Seven months after relocating there, everything unraveled and it was back to Boise. This was 2013. I had $20 in my bank account, a maxed out credit card, and only sundresses in my suitcase. Through the incredible help and generosity of my friends I was given money, a coat, and a place to stay. Over the next couple of months I scoured the Internet for work, and in what I can only describe as divine intervention, I stumbled upon the perfect job working as a graphic designer for a Fortune 100 tech company. And the best part of all? It was remote.
Over the next year, I worked my way up the company, becoming a project manager. I made my way to Japan and China over the New Year. When I returned, the longing to live abroad again grew stronger.
In May 2014, I was lying in a hammock at a party, lost in my thoughts. It was time for a change. Absentmindedly, I looked on Craigslist at vacation rentals abroad, something I occasionally did for daydreaming purposes. I saw a summer rental in Tokyo listed at the same price as my home in Idaho. Suddenly, an idea was born: what if I lived in a new city every month, traveling and working?
I had no idea how I'd make it happen, but I soon became obsessed with the notion. I spent sleepless nights earmarking flats on Airbnb. I gave myself a target date of March 2015.
Things started falling into place. A ticket to India in March was glitch priced unreasonably low. I began talking to my boss about working abroad for a longer stint. Fortuitously, an opportunity opened up for me to temporarily fill in as the lead project manager in the Asia Pacific region. I jumped on it and in less than a month, I was off.
The next four months were a dream come true. Playing in the color clouds during Holi on the hectic streets of New Delhi. Battling with police officers, armed with water guns, during Songkran in Bangkok. Spending the night in a castle in the English countryside with members of Nomadness Travel Tribe, looking and being treated like royalty. Being moved to tears by the spiritually infused architecture in Italy. Staring in complete awe at the Hong Kong skyline at Victoria Peak. Drinking soju and dancing alongside locals to popular K-Pop songs on the playground in Seoul.
When my temporary transfer was over and it was time to go back to the U.S., I took the terrifying step and submitted my resignation. After tasting the nomadic lifestyle, things could and would never be the same for me.

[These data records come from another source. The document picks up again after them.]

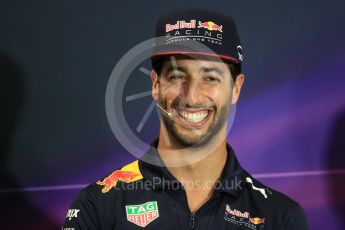 World © Octane Photographic Ltd. Formula 1 - Monaco Grand Prix FIA Drivers’ Press Conference. Daniel Ricciardo - Red Bull Racing RB13. Monaco, Monte Carlo. Wednesday 24th May 2017. Digital Ref:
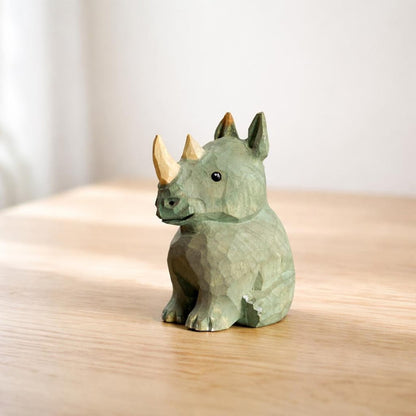 Wooden Rhinoceros Figurine Desk Decor, Small Animal Tabletop Display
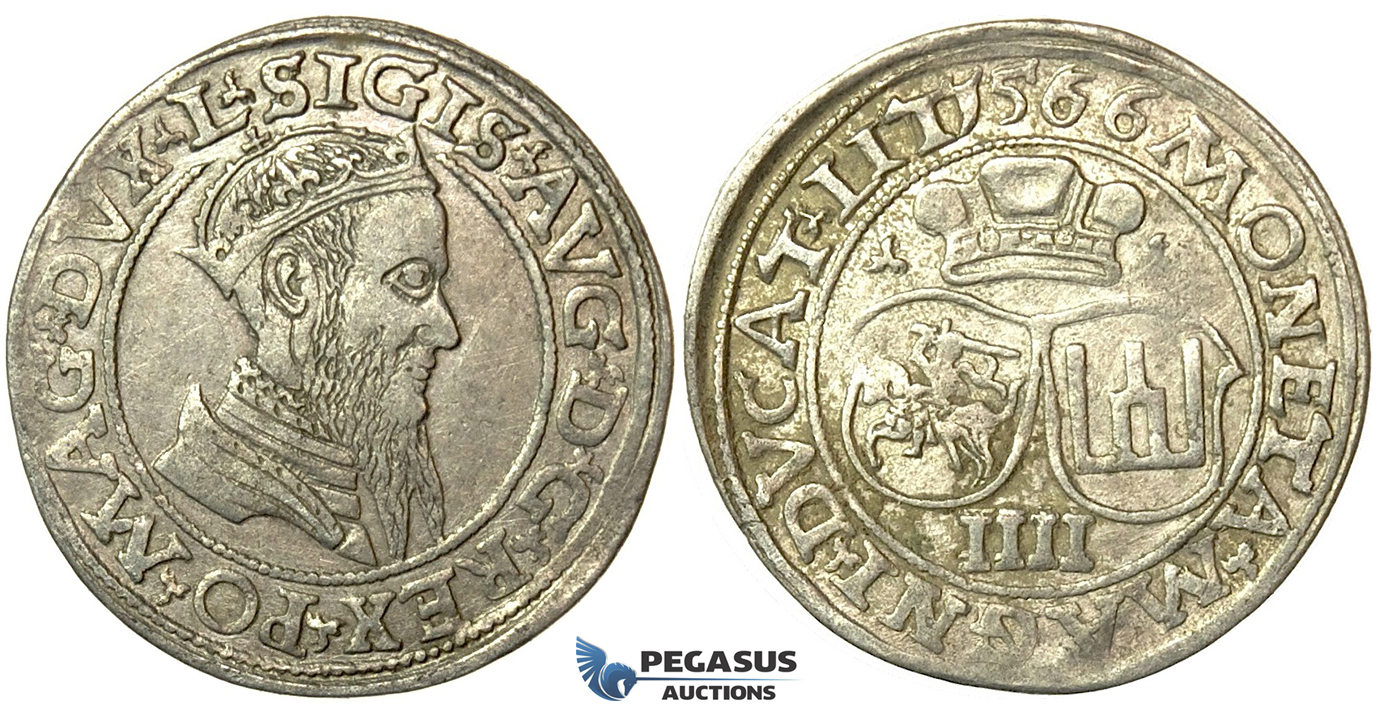 T128, Poland (for Lithuania) Sigismund II Augustus, 4 Groschen 1566-SA, Vilnius, Silver (3.85g)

As sort of a symbolic kickoff, I took a road trip around Iceland, taking in the unparalleled natural beauty as we traversed volcanoes and glacial lagoons. Upon my return, I got to work out of my dad’s apartment in Atlanta, bringing Courting Adventure to life. In September, I left for China to stay with my mom, as I prepare to set up an official home base in Asia.
As of October 2015, this is where I’m at. And this is Courting Adventure— a place where I will candidly talk about traveling, sharing stories about where Iʼve been, where I will go, and how others can join me.
Ever since that first trip to New York City, my inspiration for travel has never ceased. Stories from people in passing, photos of places I never knew existed, and thoughts of Tokyo in Spring. They are the fuel that sustains my wanderlust, and now in part, my whole being.
Yeah, I could do this for the rest of my life.